0
votes

When using tensorflow java for inference the amount of memory to make the job run on YARN is abnormally large. The job run perfectly with spark on my computer (2 cores 16Gb of RAM) and take 35 minutes to complete. But when I try to run it on YARN with 10 executors 16Gb memory and 16 Gb memoryOverhead the executors are killed for using too much memory.

Prediction Run on an Hortonworks cluster with YARN 2.7.3 and Spark 2.2.1. Previously we used DL4J to do inference and everything run under 3 min. Tensor are correctly closed after usage and we use a mapPartition to do prediction. Each task contain approximately 20.000 records (1Mb) so this will make input tensor of 2.000.000x14 and output tensor of 2.000.000 (5Mb).

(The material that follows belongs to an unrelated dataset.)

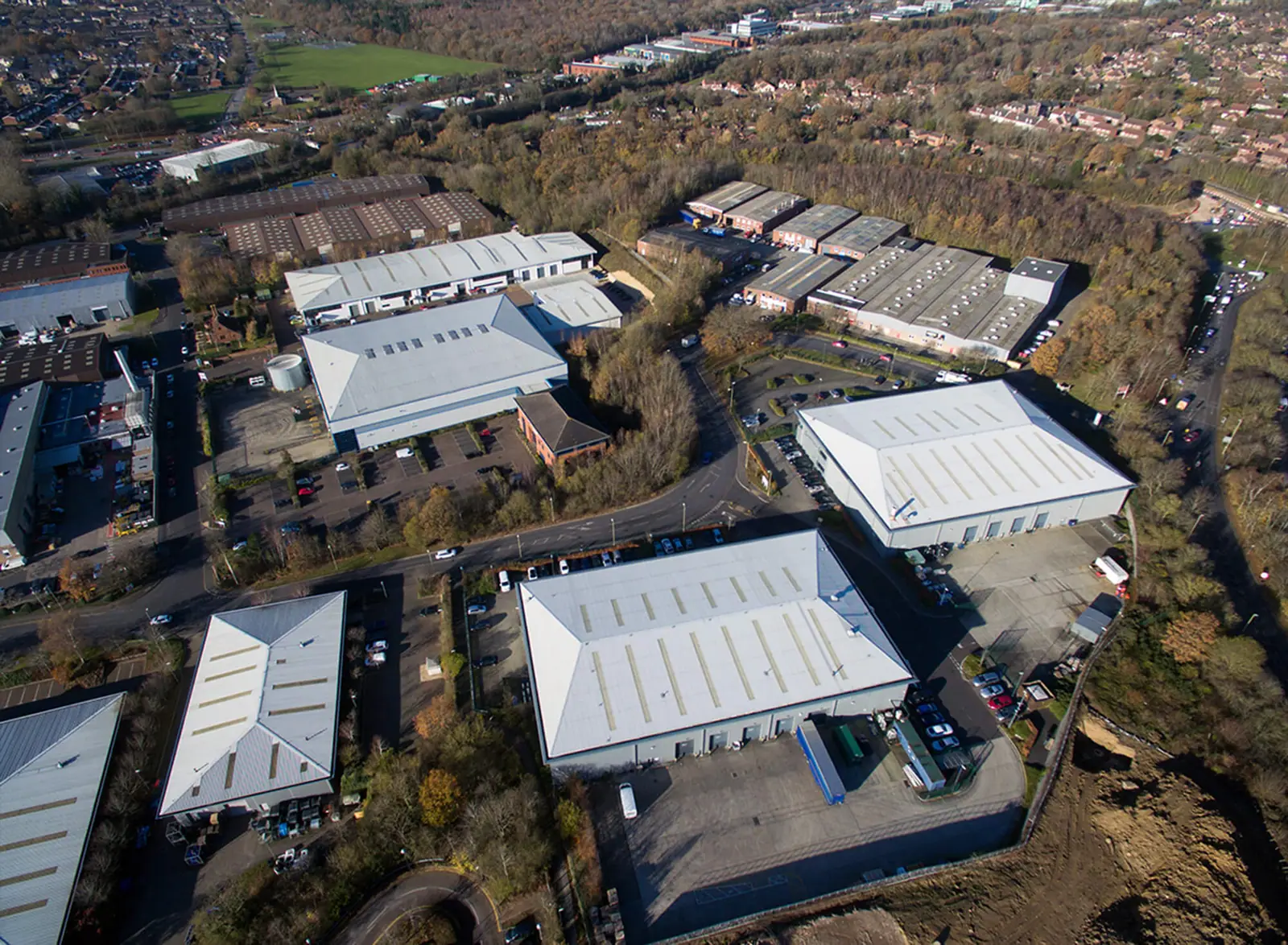 Aerial view of Kingsland Business Park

option passed to spark when running on YARN

--master yarn --deploy-mode cluster --driver-memory 16G --num-executors 10 --executor-memory 16G --executor-cores 2 --conf spark.driver.memoryOverhead=16G --conf spark.yarn.executor.memoryOverhead=16G --conf spark.sql.shuffle.partitions=200 --conf spark.tasks.cpu=2

This configuration may work if we set spark.sql.shuffle.partitions=2000 but it take 3 hours

UPDATE:

The difference between local and cluster was in fact due to a missing filter. we actually run the prediction on more data than we though.

1

1 Answers

0
votes

To reduce memory footprint of each partition you must create batch inside each partition (use grouped(batchSize)). Thus you are faster than running predict for each row and you allocate tensor of predermined size (batchSize). If you investigate the code of tensorflowOnSpark scala inference this is what they did. Below you will find a reworked example of an implementation this code may not compile but you get the idea of how to do it.

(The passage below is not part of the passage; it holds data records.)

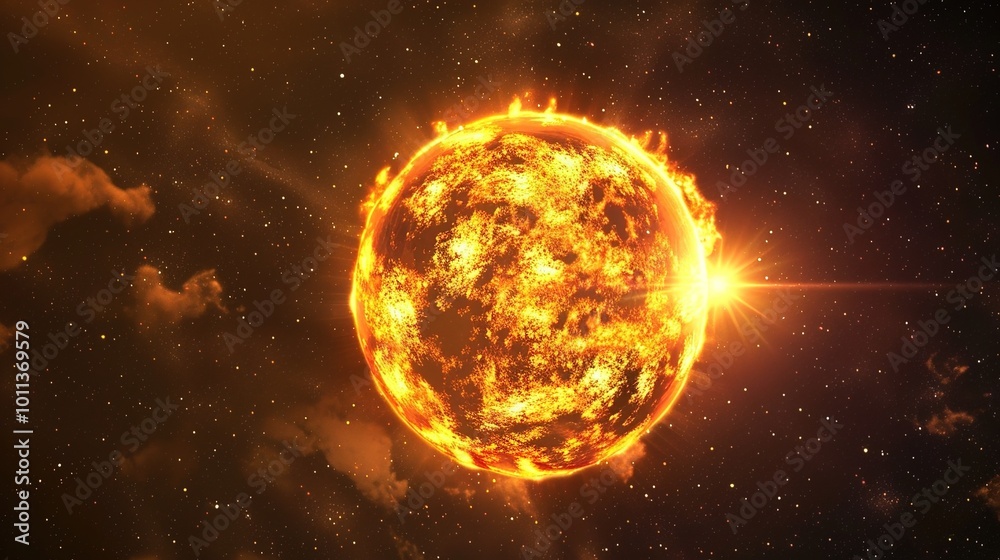 Stunning depiction of a fiery sun with vibrant solar flares against a dark background, showcasing the power of our star. Stunning depiction of a fiery sun with vibrant solar flares against a dark background, showcasing the power of our star.
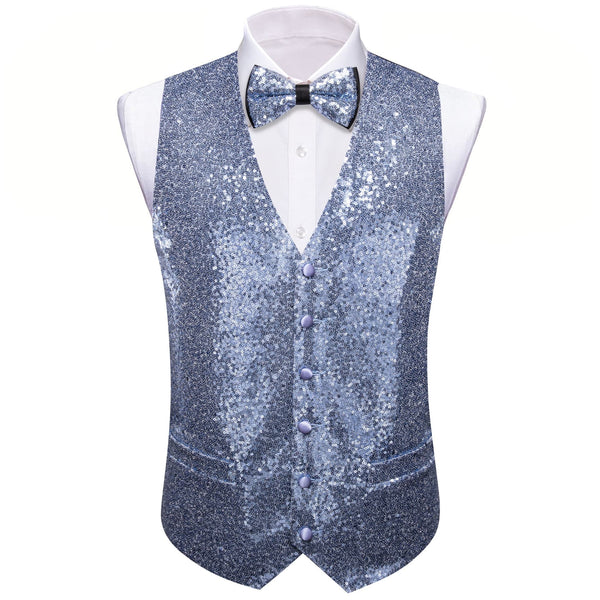 solid Arctic Blue fashion Sequin Vests for Men for sale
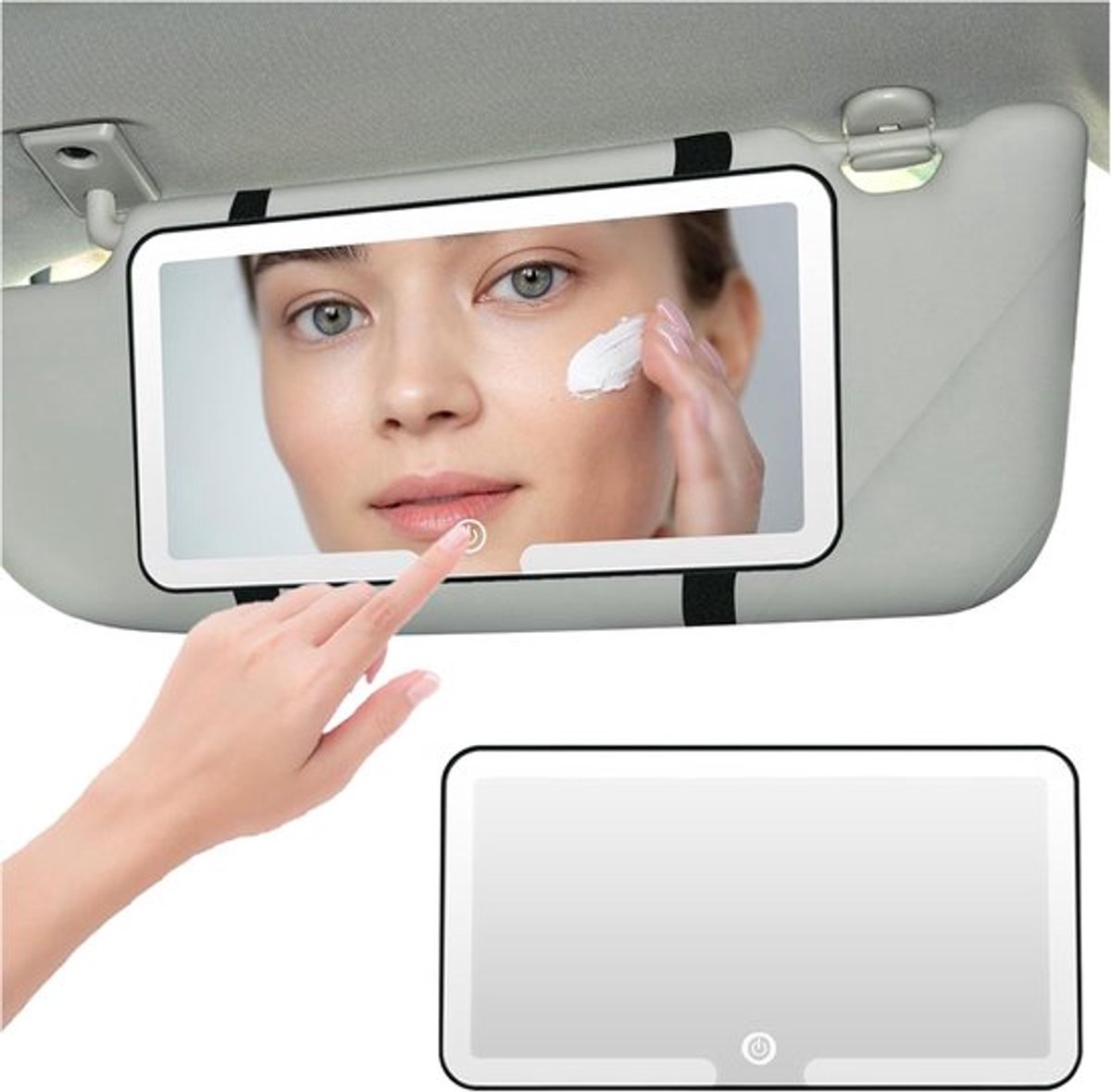 Auto make-upspiegel met LED-verlichting en oplaadbare zonneklep - 3 lichtmodi
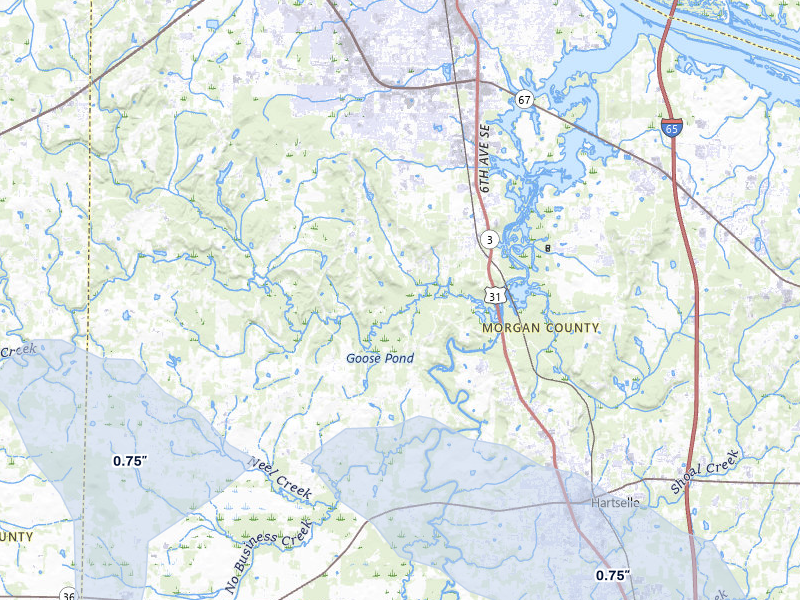 NEXRAD radar-signature map of the hail over Hartselle, AL
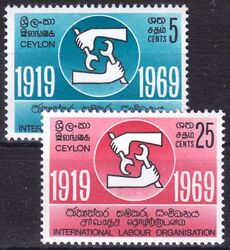 Ceylon 1969  50 Jahre Internationale Arbeitsorganisation (ILO)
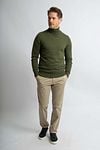 Steppin' Out Rollneck Pullover Cotton Cashmere Olive Green Model / Voorkant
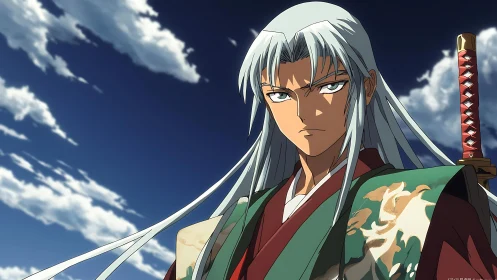 Silver haired samurai warrior in patterned haori under vivid sky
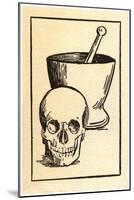 Mortar Pestle and Skull-null-Mounted Art Print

    lazy val sess = SavedModelBundle.load(modelPath, "serve").session
    lazy val numberOfFeatures = 1
    lazy val laggedFeatures = Seq("cost_day1", "cost_day2", "cost_day3")
    lazy val numberOfOutputs = 1
    val predictionsRDD = preprocessedData.rdd.mapPartitions { partition =>
        partition.grouped(batchSize).flatMap { batchPreprocessed =>
          val numberOfLines = batchPreprocessed.size
          val featuresShape: Array[Long] = Array(numberOfLines, laggedFeatures.size / numberOfFeatures, numberOfFeatures)

          val featuresBuffer: FloatBuffer = FloatBuffer.allocate(numberOfLines)

          for (
            featuresWithKey <- batchPreprocessed;
            feature <- featuresWithKey.features
          ) {
            featuresBuffer.put(feature)
          }
          featuresBuffer.flip()
          val featuresTensor = Tensor.create(featuresShape, featuresBuffer)

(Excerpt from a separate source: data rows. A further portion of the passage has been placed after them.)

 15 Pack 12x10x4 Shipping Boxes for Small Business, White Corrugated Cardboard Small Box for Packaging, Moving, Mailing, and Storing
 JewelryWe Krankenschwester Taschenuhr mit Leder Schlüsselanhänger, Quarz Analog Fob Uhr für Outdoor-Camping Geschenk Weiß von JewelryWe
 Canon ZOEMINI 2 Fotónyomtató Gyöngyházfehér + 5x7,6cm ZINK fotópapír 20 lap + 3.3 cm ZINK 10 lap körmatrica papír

          val results: Tensor[_] = sess.runner
            .feed("cost", featuresTensor)
            .fetch("prediction")
            .run.get(0)

          val output = Array.ofDim[Float](results.numElements(), numberOfOutputs)
          val outputArray: Array[Array[Float]] = results.copyTo(output)

          results.close()
          featuresTensor.close()
          outputArray
        }
    }
    spark.createDataFrame(predictionsRDD)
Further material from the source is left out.